По счастью, здесь мне опять приходит на помощь лечебное правило, предписывающее после ванны отдых в постели. Растомленный ванной, я ничего лучшего и не желаю, однако к тому времени гостиница давно ожила, половицы стонут под торопливыми шагами горничных и официанток, разносящих утренний завтрак, то и дело хлопают двери. Забыться на секунду забудешься, но о сне нечего и мечтать, поскольку еще не изобретено звукопоглощающих устройств, которые могли бы по-настоящему защитить сверхчуткий, искушенный слух человека, страдающего бессонницей.
Тем не менее приятно еще раз улечься, еще раз закрыть глаза, пока еще не думать о скучных обязанностях, которые налагает на нас утро: скучном одевании, скучном бритье, скучном повязывании галстука, пожеланиях доброго утра, чтении почты, решении, чем бы сегодня заняться, возобновлении всей автоматики жизни.
Итак, я лежу в постели, слышу, как соседи смеются, ругаются, полощут рты, слышу, как беспрерывно звенит в коридоре звонок и бегает прислуга, и вскоре убеждаюсь, что дольше оттягивать неизбежное бессмысленно.
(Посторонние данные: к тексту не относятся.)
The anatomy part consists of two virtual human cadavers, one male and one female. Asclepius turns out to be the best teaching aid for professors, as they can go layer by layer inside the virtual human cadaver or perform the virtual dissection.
Ничего не попишешь! Я встаю, умываюсь, бреюсь, произвожу все сложные эволюции, какие необходимы, чтобы влезть в одежду и ботинки, едва не душу себя воротничком, засовываю в жилетный карман часы, украшаю себя очками — и все это с ощущением каторжника, знакомого с тюремными правилами и порядками десятки лет и знающего, что это уж пожизненно и навсегда.
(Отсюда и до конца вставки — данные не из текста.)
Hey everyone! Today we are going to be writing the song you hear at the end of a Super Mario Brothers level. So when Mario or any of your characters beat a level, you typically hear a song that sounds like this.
Бледный, тихий постоялец, я в девять часов вхожу в столовую, сажусь за свой круглый столик, молча здороваюсь с хорошенькой, веселой подавальщицей, несущей мне кофе, одну булочку намазываю маслом, другую — прячу в карман, вскрываю лежащую возле прибора почту, завтрак запихиваю в свою утробу, письма в карманы пиджака, замечаю стоящего в коридоре скучающего курортника, который явно желает вступить со мной в разговор и еще издали вкрадчиво улыбается, даже начинает говорить, к тому же по-французски, не долго думая налетаю на него, бормочу «пардон» и выскакиваю на улицу.
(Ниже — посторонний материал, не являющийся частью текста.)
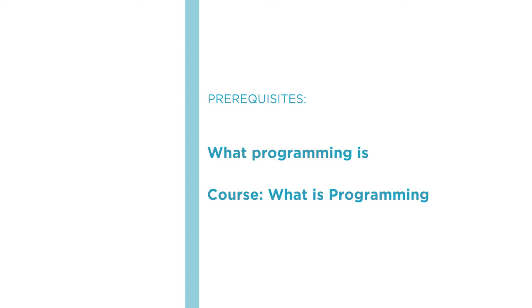I hope you'll join me on this journey to learn Python with the Practical Python for Beginners course at Pluralsight.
Здесь и в кургартене или в лесу мне удается скоротать остаток утра в желанном одиночестве. Иногда, если повезет, мне случается и поработать, то есть, усевшись на скамье в парке, спиной к солнцу и к публике, записать некоторые, оставшиеся во мне еще с ночи, мысли. Но обычно я иду гулять и радуюсь тогда припрятанной в кармане булочке, потому что одна из наибольших утренних радостей для меня (положим, радостей, это слишком сильно сказано) раскрошив хлеб, скормить его бесчисленным синичкам и зябликам. При этом я принципиально не желаю думать о том, что в Германии, всего в немногих милях отсюда, даже богачам не подают к столу такого белого хлеба и тысячи людей вообще хлеба не имеют. Я отгоняю от себя эту саму собой напрашивающуюся мысль, но отогнать ее мне иногда стоит больших усилий.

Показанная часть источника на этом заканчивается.